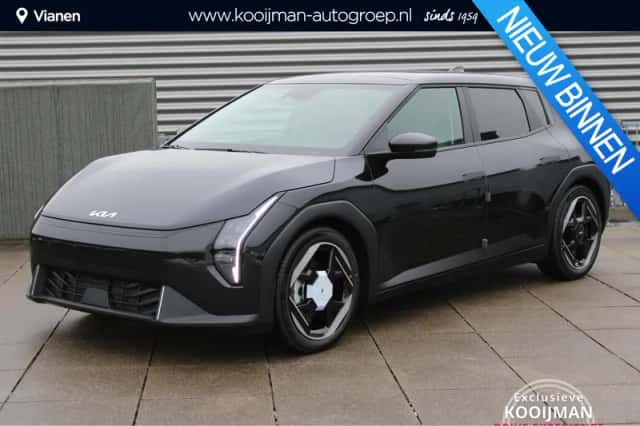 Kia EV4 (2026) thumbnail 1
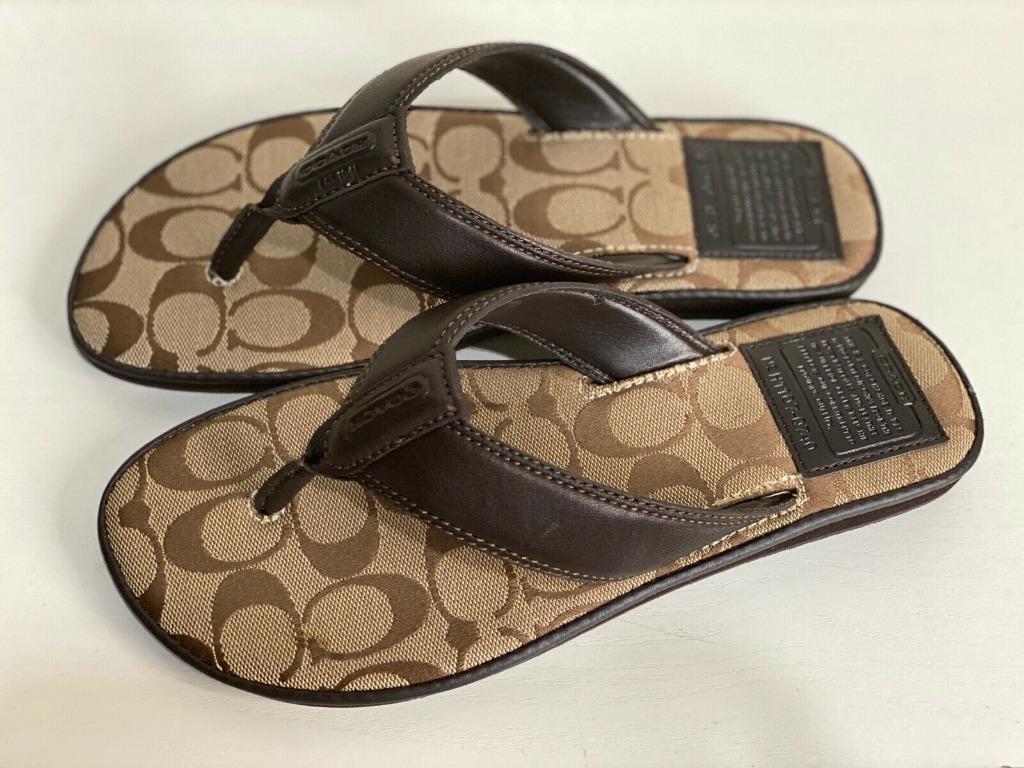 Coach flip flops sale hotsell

...

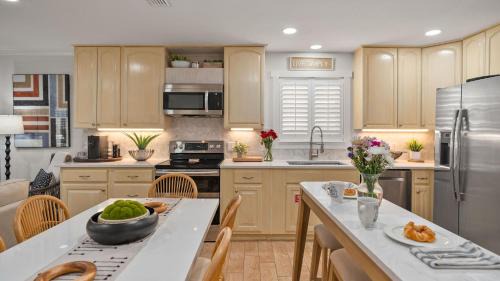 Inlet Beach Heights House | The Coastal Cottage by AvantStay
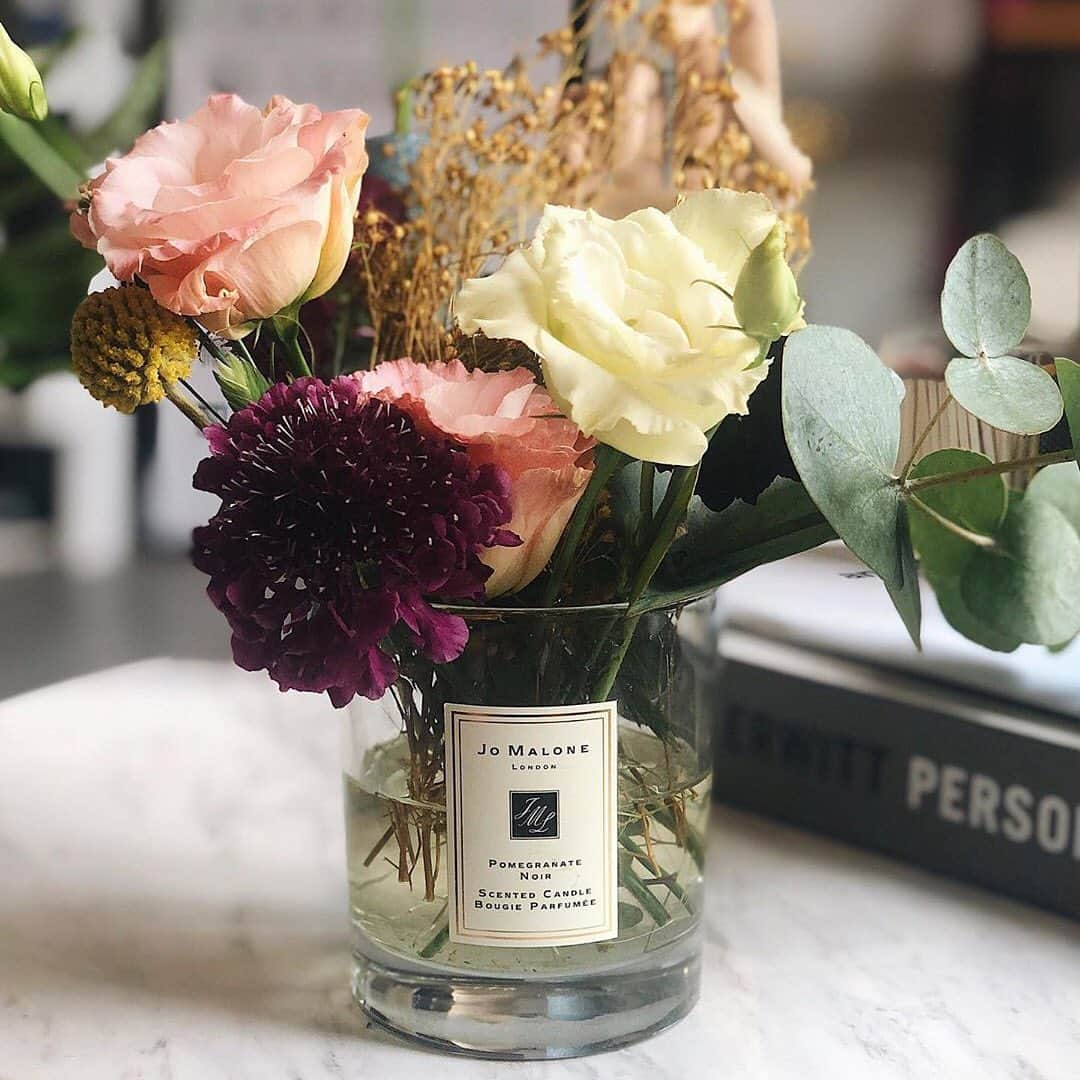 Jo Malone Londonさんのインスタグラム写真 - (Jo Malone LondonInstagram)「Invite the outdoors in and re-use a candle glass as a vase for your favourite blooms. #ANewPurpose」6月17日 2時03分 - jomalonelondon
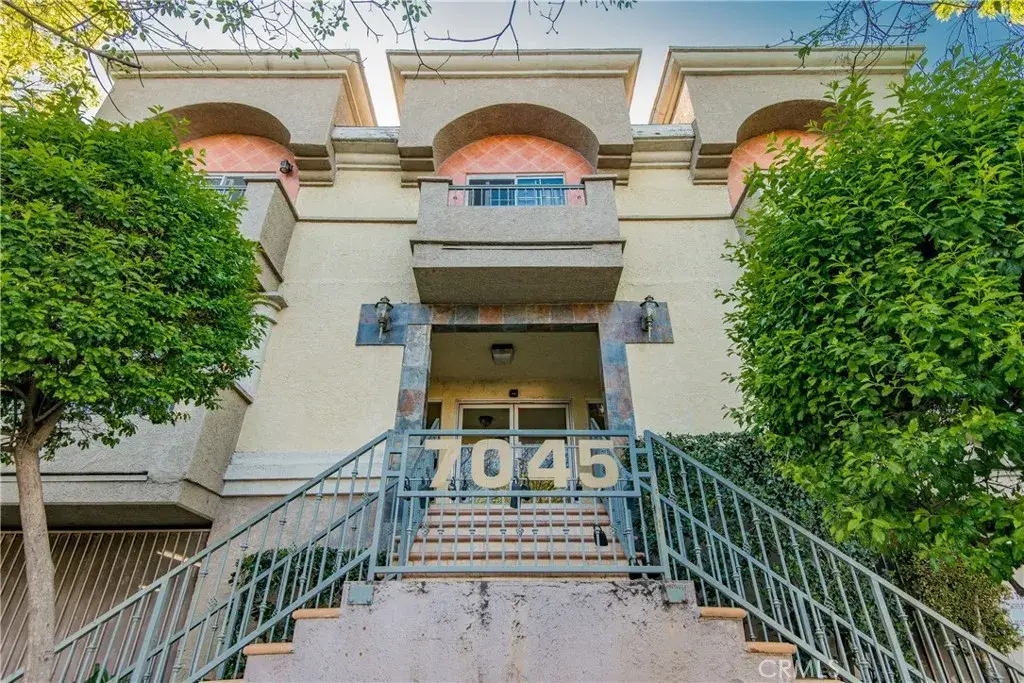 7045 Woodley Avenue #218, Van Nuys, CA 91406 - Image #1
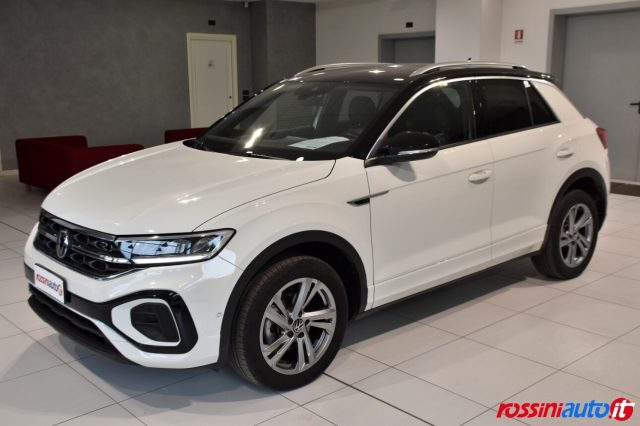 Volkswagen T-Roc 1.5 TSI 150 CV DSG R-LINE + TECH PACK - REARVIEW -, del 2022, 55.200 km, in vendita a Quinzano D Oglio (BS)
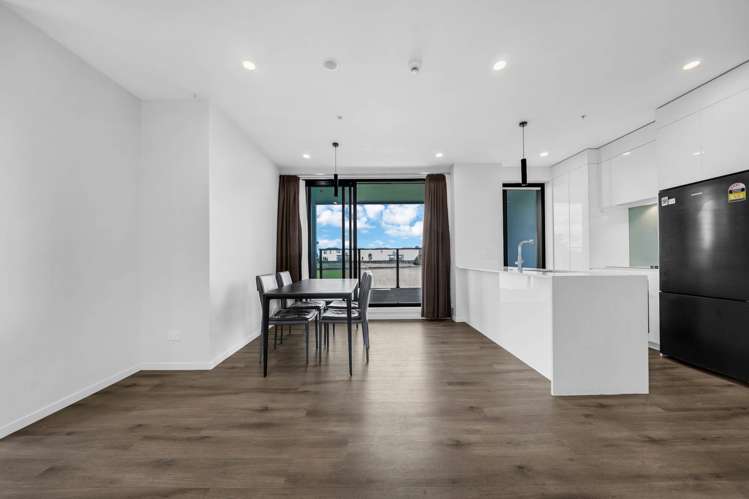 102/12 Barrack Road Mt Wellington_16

---

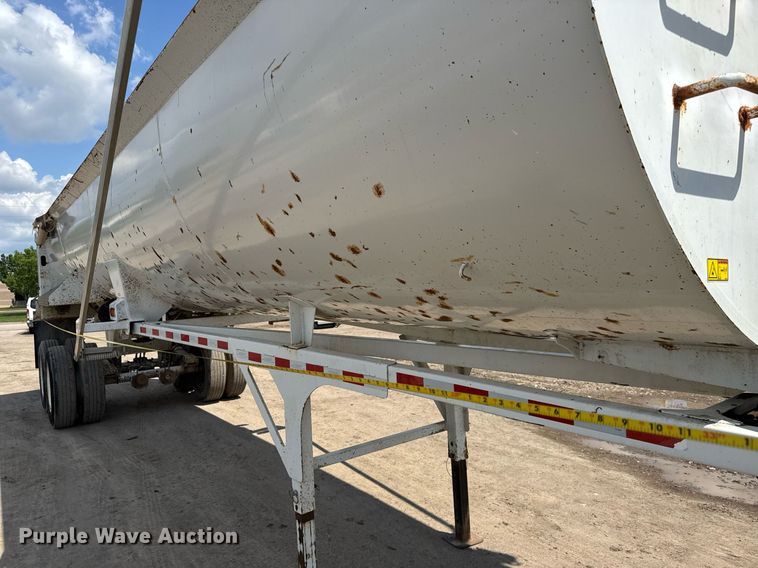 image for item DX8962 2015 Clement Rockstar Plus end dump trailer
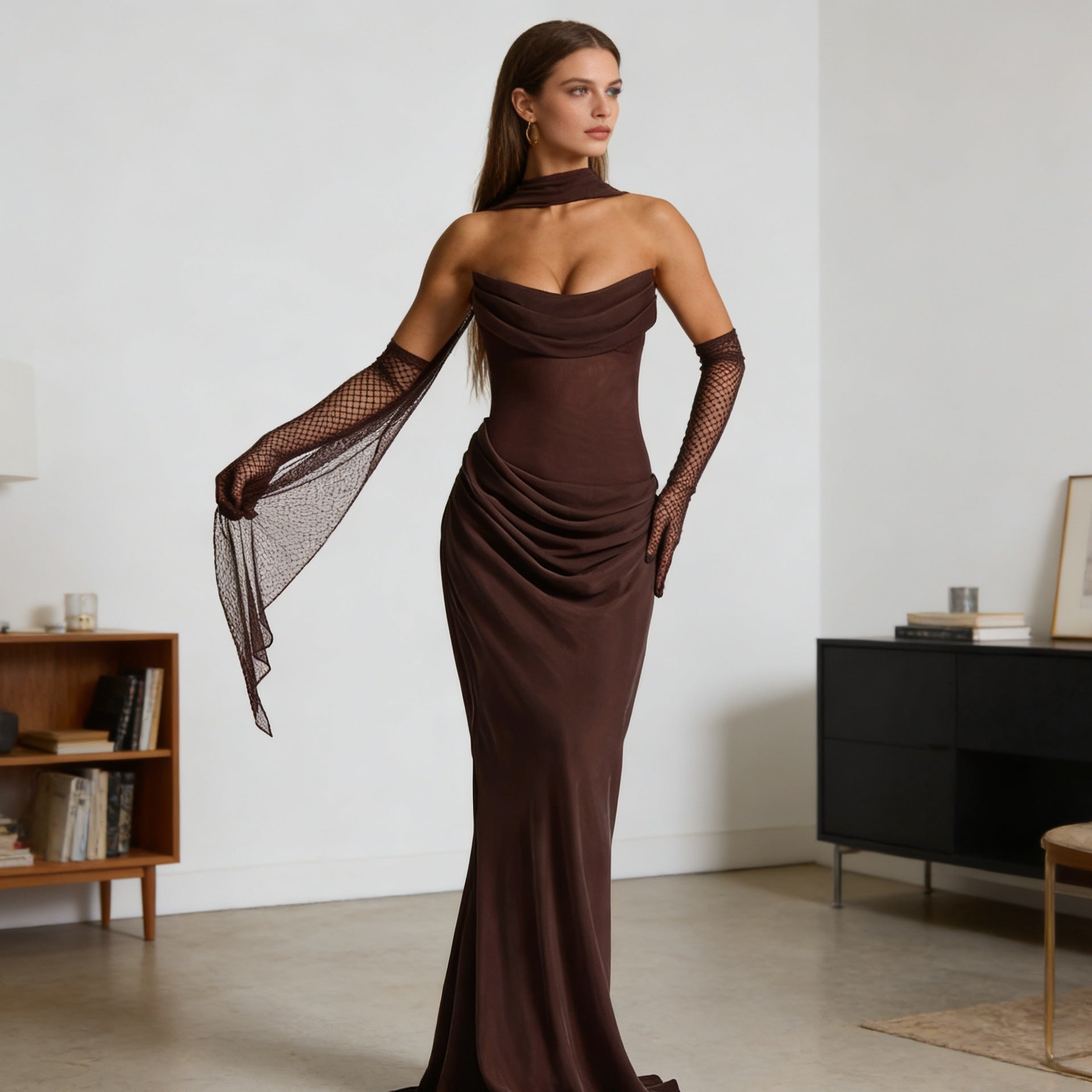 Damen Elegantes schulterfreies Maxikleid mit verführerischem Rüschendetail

TRY IT: Within the listing above, write out the stretch from the line with "7045 Woodley Avenue" through the line with "102/12 Barrack Road Mt Wellington_16" exactly. Any pictures are to be left out.

TASK RESPONSE:
 7045 Woodley Avenue #218, Van Nuys, CA 91406 - Image #1
 Volkswagen T-Roc 1.5 TSI 150 CV DSG R-LINE + TECH PACK - REARVIEW -, del 2022, 55.200 km, in vendita a Quinzano D Oglio (BS)
 102/12 Barrack Road Mt Wellington_16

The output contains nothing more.